Understandably, the event both outraged and frightened the roughly 2,000 residents of the town. They formed teams to search for the killer, who they assumed would be in the area and easily tracked due to the amount of blood. In the years following they also attended grand jury hearings as first one person and then another were considered as the killer.
Much more regarding the case can be found by watching the video below or visiting the Villisca movie website.
While I’m unsure if such a legacy can ever be embraced, the house has been purchased and opened for tours and paranormal investigations. The house has been investigated by several local and regional groups as well as the Travel Channel’s Ghost Adventures.

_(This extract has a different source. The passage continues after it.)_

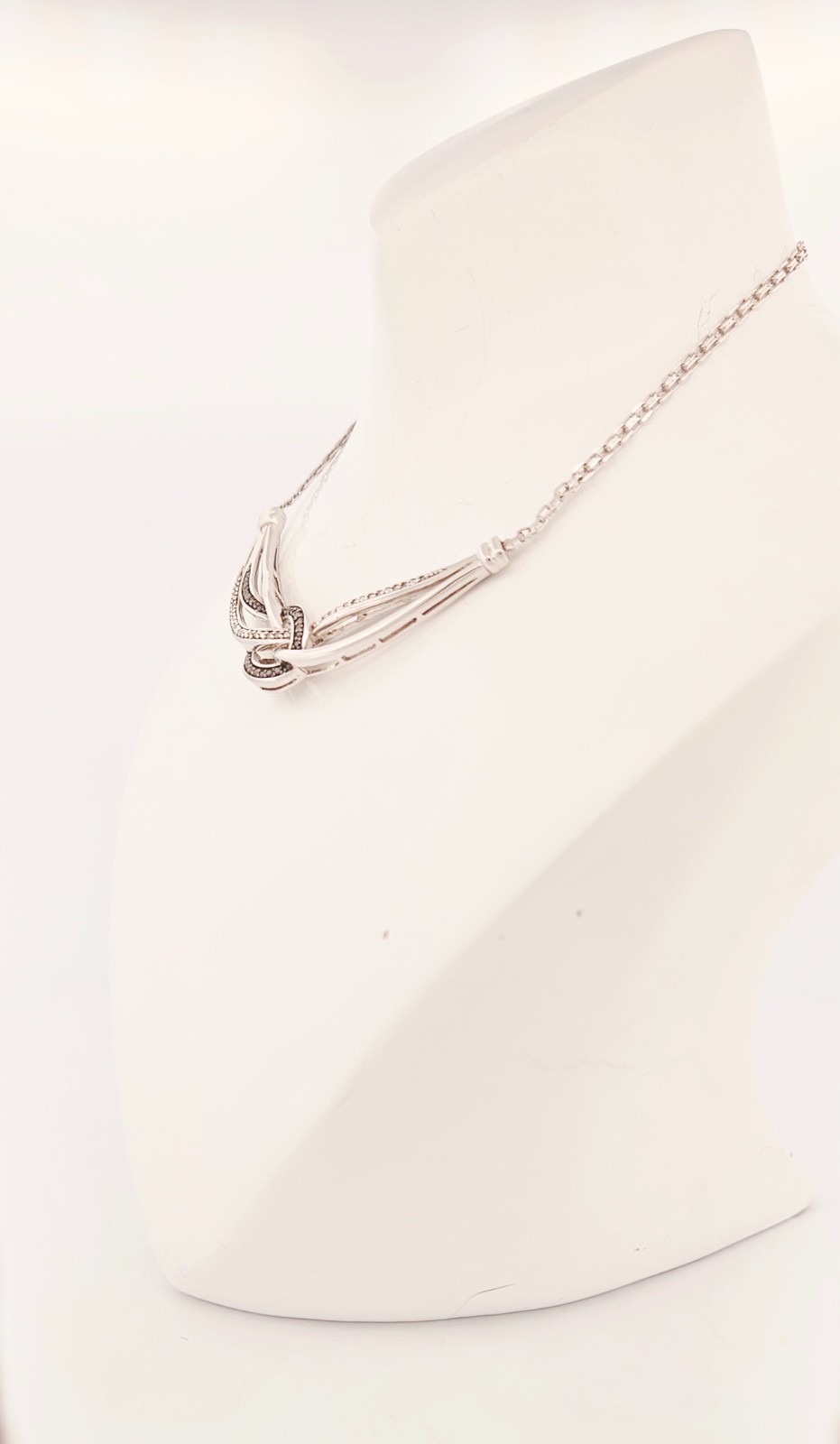 Louis J Meyer sterling silver genuine black & white diamond necklace 17.5″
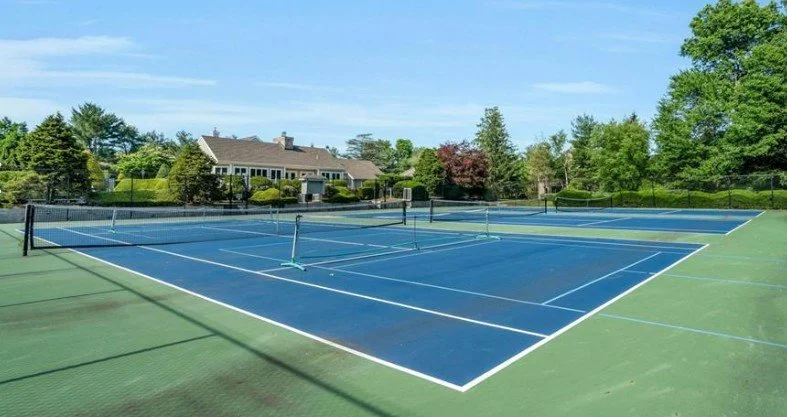 27 Courts.jpg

Unfortunately, I failed to visit the official website for the site and arrived at a time when day tours were not being offered. During the spring, summer and fall, daylight tours are offered for $10 for adults, $5 for senior citizens and children under age 12. Those interested can also arrange to spend the night in the house. The cost for over night stays is $400 for up to 6 people, additional guests are $70 each. (Based on the calendar, it appears the house does quite a bit of overnight business.)
Viewing the Villisca Axe Murder House, even if only from the outside, is a surreal experience when the history is known — and it’s hard to drive up to the property without having an inkling given the large sign with dripping red letters proclaiming it to all as the “Ax Murder House.” The area was quiet on the day of our visit. There were no children playing or people milling about. Except for the graphic signage, it could have been any number of residential streets in any number of Iowa towns. A quick check of the area revealed no one to interview or ask for additional information about the town or the events of so long ago.I took several photographs during the visit, and was somewhat taken aback by what I found in them. In one photograph, in the front windows, there is a figure. Photographs taken from a different angle did not show similar, so I’m thinking this may be a photograph inside the house.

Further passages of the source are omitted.